Sar Shalom
While plenty of others have laid out the know-it-all attitude of President Obama as conveyed by the New York Times Magazine profile of his communications director Ben Rhodes, there's another angle I would like to cover. To get at my angle, it would help to look at Nicholas Kristof's column from last week about Obama's responses to the Ebola crisis in 2014 and the Zika crisis now. During the Ebola crisis, the Centers for Disease Control and Prevention (CDC) predicted that without intervention, the epidemic in Liberia could mushroom to 1.4 million cases. An epidemic of that scale would have been a vastly greater threat to us than a handful of medical experts traveling there, coming back, and monitoring themselves during the potential incubation period for the disease.
However, the balance of risks did not stop the self-appointed experts like Phyllis Schlafly, Donald Trump, and the Republicans in Congress from declaring that America had to be "kept safe" by stopping all flights to Africa. In actuality, the intervention by western medical crews brought and end to the Ebola epidemic in western Africa and there was not a single fatality from western-contracted Ebola. What this episode demonstrates is that there is such a thing as expertise and that those crafted Obama's response, presumably from the CDC, knew what they were doing. However, until the epidemic was contained, to the self-appointed experts, the public health community was simply what one might call "The Blob."

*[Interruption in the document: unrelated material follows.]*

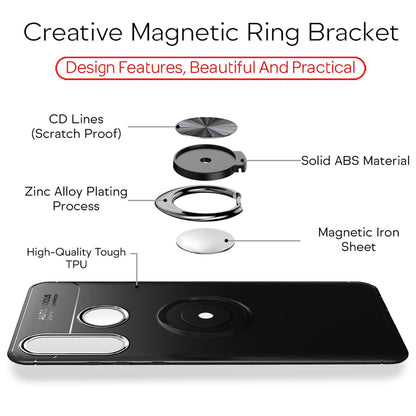 NALIA Ring Handyhülle kompatibel mit Huawei P40 lite E Hülle, Silikon Cover mit 360-Grad Finger-Halter für magnetische KFZ-Halterung, Schutzhülle Phone Case Handy-Tasche Etui Bumper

Just as there is such a thing as expertise in public health, there is also such a thing as expertise in international relations. Unfortunately, as David Samuels' profile of Ben Rhodes demonstrates, Obama's attitude towards international-relations expertise is the same of the self-appointed experts' attitude towards public-health expertise. There are legitimate reasons to challenge the community of experts. For instance it would be useful to call attention to facts that most experts ignore and there is nothing inherently wrong with having values (that is, view of what ought to be) that differ from those of most experts. However, there is a difference between an experts' professional assessment (that is, view of what is) and the application of that expert's values (what ought to be). Spurning the experts' advice, in effect dismissing their analysis because you dislike their conclusions, and treating their assessments of what is as if they were their assessments of what ought to be, creates a substantial risk for disaster. That is what Obama and Rhodes have done.